Just because Einstein did not believe in personal God does not mean he did not hold what most people would consider religious convictions. Pantheism is still a variety of spirituality. The man used the terms "god" and "religious" quite liberally, and expressed a kind of spirituality that I think is quite healthy.
I've read plenty of Einstein. Here are some relevant quotes:
"I want to know how God created this world. I am not interested in this or that phenomenon, in the spectrum of this or that element. I want to know His thoughts; the rest are details."
"The most beautiful and most profound experience is the sensation of the mystical. It is the sower of all true science. He to whom this emotion is a stranger, who can no longer wonder and stand rapt in awe, is as good as dead. To know that what is impenetrable to us really exists, manifesting itself as the highest wisdom and the most radiant beauty which our dull faculties can comprehend only in their primitive forms - this knowledge, this feeling is at the center of true religiousness."
( Albert Einstein - The Merging of Spirit and Science)

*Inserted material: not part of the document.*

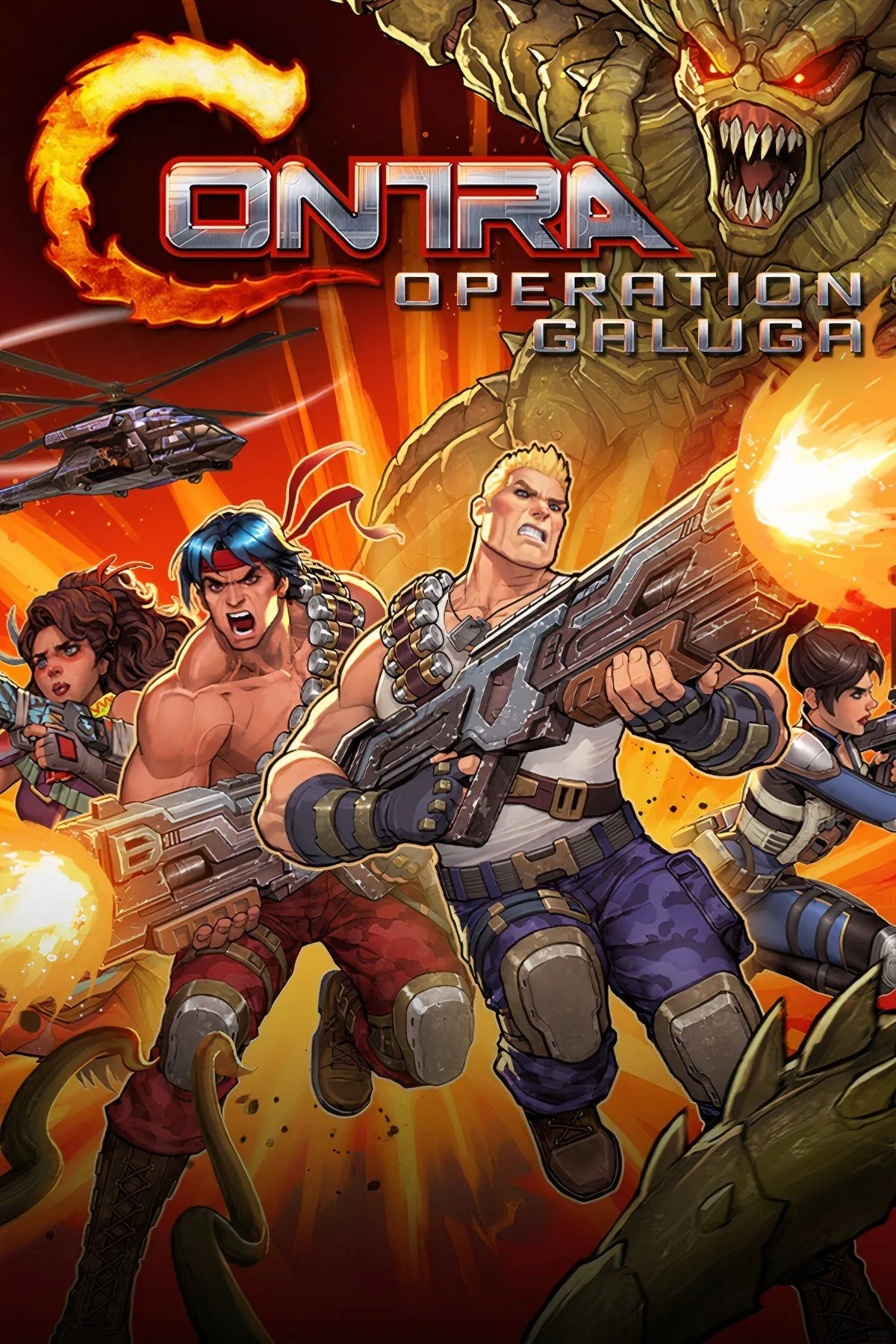 Giao diện trò chơi Contra 3: The Alien Wars trên Super Nintendo, với hai nhân vật chính đang chiến đấu trong môi trường hoang tàn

"I believe in Spinoza's God who reveals himself in the orderly harmony of what exists, not in a God who concerns himself with the fates and actions of human beings."
"In my view, it is the most important function of art and science to awaken this religious feeling and keep it alive in those who are receptive to it." (Albert Einstein, 1930)
"But science can only be created by those who are thoroughly imbued with the aspiration toward truth and understanding. This source of feeling, however, springs from the sphere of religion. To this there also belongs the faith in the possibility that the regulations valid for the world of existence are rational, that is, comprehensible to reason. I cannot conceive of a genuine scientist without that profound faith. The situation may be expressed by an image: science without religion is lame, religion without science is blind." (Albert Einstein, 1941)
"But, on the other hand, every one who is seriously involved in the pursuit of science becomes convinced that a spirit is manifest in the laws of the Universe -- a spirit vastly superior to that of man, and one in the face of which we with our modest powers must feel humble. In this way the pursuit of science leads to a religious feeling of a special sort, which is indeed quite different from the religiosity of someone more naive."